Good Friday In Jail

I don't realize how awkward my facial hair is until I put on some nice clothes but forget to shave. Then I look like a homeless person who stumbled upon a bag of moderately-used semi-formalwear, all scruff and argyle. And this is how I dolled myself up to sing at my church's Good Friday service this morning.

Now please realize, I never dress up for church. Never have, never saw much need to. I don't mean any disrespect by it, no latent irreverence toward authority, I simply don't care much about my clothes or appearance. In fact, growing up without money for my richer friends' fancy jackets, backpacks and light up sport shoes made me pretty Zen about the whole style thing. Instead of dressing for fashion I dress for comfort. Basketball shorts, t-shirts, sandals (even in February), easy. Plus, I like to think I walk with God as much outside the church as in, so I never felt a need to gussy up for the in-house stuff.

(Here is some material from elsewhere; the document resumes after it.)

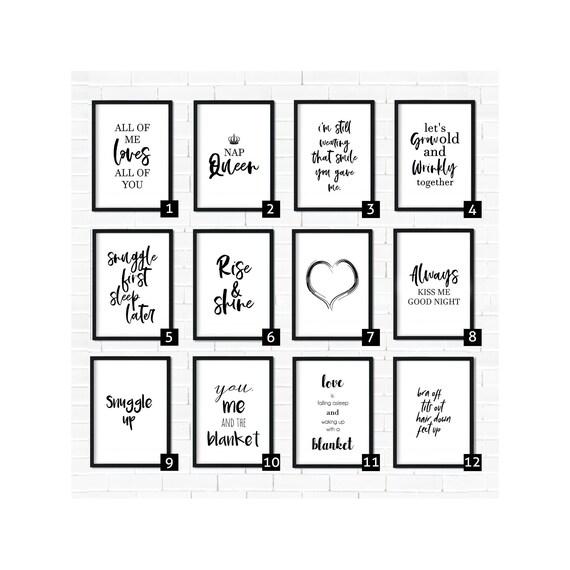 Bedroom Wall Art Bedroom Art Prints Bedroom Prints Bedroom Etsy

It's different when I'm up front singing, though, I recognize that. Maybe in a perfect world nobody would mind seeing me up there in all my shaggy, flowy-garbed glory, but this world is not that one, and I recognize there are appropriate occasions to don one's Sunday best (so to speak). For instance: job interviews, Christmas cards, funerals.

And perhaps this is why I especially do not mind dressing up a little for Good Friday. It is a funereal holiday after all, a day to kneel beside the casket of our Lord Jesus, to sob, slobber, and wail over him.

"Good" Friday is a day to mourn, to abide the Deep Sadness, as did Christ's own comrades and disciples in the moments, minutes and days following his brutal execution. They saw their leader, mentor, friend and Savior tortured and nailed to a plank of wood. They watched hope suffocate, stood by helpless as love bled out, looked on as God died.

You see, this is exactly the point of this whole thing: God died that day. We don't often say it in such stark terms because we're afraid of allowing our God to appear weak, but the plain truth of the matter is that is exactly what He became, and not just that day but His whole time on earth. A God clothed in skin, dressed in true humanity is an aberration, a logical contradiction. Power never gives itself up. Never. 

Except out of pure love it would appear. On this day, two thousand years ago, Power laid down and allowed us to destroy It, all to affirm that God is at His core, first and last, love. Only loves dies for another. And only this supreme love, expressed through sacrifice, can undo the brokenness of the world. The deepest, oldest magic at work.

I wonder if Jesus saw Easter coming the whole time, or if his being truly human in those moments limited his sight to only that which lie just ahead: the pain, the death, the grave. You wonder when you see Him in the garden with his disciples, waiting for the betrayer to come and take Him away. He sweats blood, begs his friends to stay awake with Him. He is lonely, scared. He implores the Father to take the cup away, one shard of God's heart begging another to find some other way.

Sometimes we skip over the pain of the cross, compartmentalize or commercialize it. We make it pretty, dress it in Sunday clothes. The sparkly necklaces, keychains, bumper stickers. We set our sights on Sunday, even on Friday and in doing so we shortchange the grieving process. How American. But the trouble is without crucifixion there is no resurrection. Without the bad news first there can be no good news.

What I think I love best about the Jesus story is its willingness to bottom out, to sink down into the depths of the human experience. Bloody, filthy God, hung on a tree, mocked by the spectators. How unseemly.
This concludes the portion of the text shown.